#### TO DO:
What you should output is the data below, unchanged in every character.
━━━
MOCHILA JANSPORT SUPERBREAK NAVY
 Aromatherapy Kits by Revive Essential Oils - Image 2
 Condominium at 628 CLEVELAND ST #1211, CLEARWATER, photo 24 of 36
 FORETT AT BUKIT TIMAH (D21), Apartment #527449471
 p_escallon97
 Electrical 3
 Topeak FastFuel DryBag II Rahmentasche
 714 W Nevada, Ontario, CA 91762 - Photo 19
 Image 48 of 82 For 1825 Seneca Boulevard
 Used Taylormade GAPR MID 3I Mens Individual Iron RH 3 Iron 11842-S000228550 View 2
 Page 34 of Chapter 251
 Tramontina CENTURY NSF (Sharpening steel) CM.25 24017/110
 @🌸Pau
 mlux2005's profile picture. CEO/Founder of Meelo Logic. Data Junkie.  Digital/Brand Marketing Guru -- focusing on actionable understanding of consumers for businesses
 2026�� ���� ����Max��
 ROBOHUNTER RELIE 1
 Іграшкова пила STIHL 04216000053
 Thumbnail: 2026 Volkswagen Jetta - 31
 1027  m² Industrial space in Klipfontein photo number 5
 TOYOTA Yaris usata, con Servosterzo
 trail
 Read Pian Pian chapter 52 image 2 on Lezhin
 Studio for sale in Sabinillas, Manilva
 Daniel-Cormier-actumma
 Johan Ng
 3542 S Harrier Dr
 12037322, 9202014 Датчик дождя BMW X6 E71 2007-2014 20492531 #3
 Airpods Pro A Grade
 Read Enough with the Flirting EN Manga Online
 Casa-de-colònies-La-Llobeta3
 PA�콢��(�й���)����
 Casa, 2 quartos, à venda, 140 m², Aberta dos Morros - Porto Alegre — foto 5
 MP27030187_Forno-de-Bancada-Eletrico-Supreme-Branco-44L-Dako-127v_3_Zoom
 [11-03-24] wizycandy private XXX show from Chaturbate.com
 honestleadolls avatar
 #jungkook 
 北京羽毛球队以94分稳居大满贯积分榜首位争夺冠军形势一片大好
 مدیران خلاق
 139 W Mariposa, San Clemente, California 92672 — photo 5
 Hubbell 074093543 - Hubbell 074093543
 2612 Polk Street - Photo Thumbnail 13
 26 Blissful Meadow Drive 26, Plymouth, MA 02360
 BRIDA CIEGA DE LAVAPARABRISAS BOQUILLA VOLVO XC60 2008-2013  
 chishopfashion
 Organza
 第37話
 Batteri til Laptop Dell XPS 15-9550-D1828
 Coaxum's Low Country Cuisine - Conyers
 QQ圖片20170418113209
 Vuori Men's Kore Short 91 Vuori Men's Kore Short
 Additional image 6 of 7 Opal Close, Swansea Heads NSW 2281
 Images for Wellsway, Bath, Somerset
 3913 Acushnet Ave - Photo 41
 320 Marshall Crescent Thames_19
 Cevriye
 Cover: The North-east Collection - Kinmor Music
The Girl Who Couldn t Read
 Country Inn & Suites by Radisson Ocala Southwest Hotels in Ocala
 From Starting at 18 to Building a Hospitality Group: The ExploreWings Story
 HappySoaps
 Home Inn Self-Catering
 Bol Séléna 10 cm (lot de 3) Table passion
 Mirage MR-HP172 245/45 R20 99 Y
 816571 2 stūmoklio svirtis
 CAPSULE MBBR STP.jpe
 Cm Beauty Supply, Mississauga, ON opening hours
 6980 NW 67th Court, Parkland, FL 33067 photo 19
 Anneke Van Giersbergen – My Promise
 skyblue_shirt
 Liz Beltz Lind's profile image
━━━
#### TASK RESULT:
MOCHILA JANSPORT SUPERBREAK NAVY
 Aromatherapy Kits by Revive Essential Oils - Image 2
 Condominium at 628 CLEVELAND ST #1211, CLEARWATER, photo 24 of 36
 FORETT AT BUKIT TIMAH (D21), Apartment #527449471
 p_escallon97
 Electrical 3
 Topeak FastFuel DryBag II Rahmentasche
 714 W Nevada, Ontario, CA 91762 - Photo 19
 Image 48 of 82 For 1825 Seneca Boulevard
 Used Taylormade GAPR MID 3I Mens Individual Iron RH 3 Iron 11842-S000228550 View 2
 Page 34 of Chapter 251
 Tramontina CENTURY NSF (Sharpening steel) CM.25 24017/110
 @🌸Pau
 mlux2005's profile picture. CEO/Founder of Meelo Logic. Data Junkie.  Digital/Brand Marketing Guru -- focusing on actionable understanding of consumers for businesses
 2026�� ���� ����Max��
 ROBOHUNTER RELIE 1
 Іграшкова пила STIHL 04216000053
 Thumbnail: 2026 Volkswagen Jetta - 31
 1027  m² Industrial space in Klipfontein photo number 5
 TOYOTA Yaris usata, con Servosterzo
 trail
 Read Pian Pian chapter 52 image 2 on Lezhin
 Studio for sale in Sabinillas, Manilva
 Daniel-Cormier-actumma
 Johan Ng
 3542 S Harrier Dr
 12037322, 9202014 Датчик дождя BMW X6 E71 2007-2014 20492531 #3
 Airpods Pro A Grade
 Read Enough with the Flirting EN Manga Online
 Casa-de-colònies-La-Llobeta3
 PA�콢��(�й���)����
 Casa, 2 quartos, à venda, 140 m², Aberta dos Morros - Porto Alegre — foto 5
 MP27030187_Forno-de-Bancada-Eletrico-Supreme-Branco-44L-Dako-127v_3_Zoom
 [11-03-24] wizycandy private XXX show from Chaturbate.com
 honestleadolls avatar
 #jungkook 
 北京羽毛球队以94分稳居大满贯积分榜首位争夺冠军形势一片大好
 مدیران خلاق
 139 W Mariposa, San Clemente, California 92672 — photo 5
 Hubbell 074093543 - Hubbell 074093543
 2612 Polk Street - Photo Thumbnail 13
 26 Blissful Meadow Drive 26, Plymouth, MA 02360
 BRIDA CIEGA DE LAVAPARABRISAS BOQUILLA VOLVO XC60 2008-2013  
 chishopfashion
 Organza
 第37話
 Batteri til Laptop Dell XPS 15-9550-D1828
 Coaxum's Low Country Cuisine - Conyers
 QQ圖片20170418113209
 Vuori Men's Kore Short 91 Vuori Men's Kore Short
 Additional image 6 of 7 Opal Close, Swansea Heads NSW 2281
 Images for Wellsway, Bath, Somerset
 3913 Acushnet Ave - Photo 41
 320 Marshall Crescent Thames_19
 Cevriye
 Cover: The North-east Collection - Kinmor Music
The Girl Who Couldn t Read
 Country Inn & Suites by Radisson Ocala Southwest Hotels in Ocala
 From Starting at 18 to Building a Hospitality Group: The ExploreWings Story
 HappySoaps
 Home Inn Self-Catering
 Bol Séléna 10 cm (lot de 3) Table passion
 Mirage MR-HP172 245/45 R20 99 Y
 816571 2 stūmoklio svirtis
 CAPSULE MBBR STP.jpe
 Cm Beauty Supply, Mississauga, ON opening hours
 6980 NW 67th Court, Parkland, FL 33067 photo 19
 Anneke Van Giersbergen – My Promise
 skyblue_shirt
 Liz Beltz Lind's profile image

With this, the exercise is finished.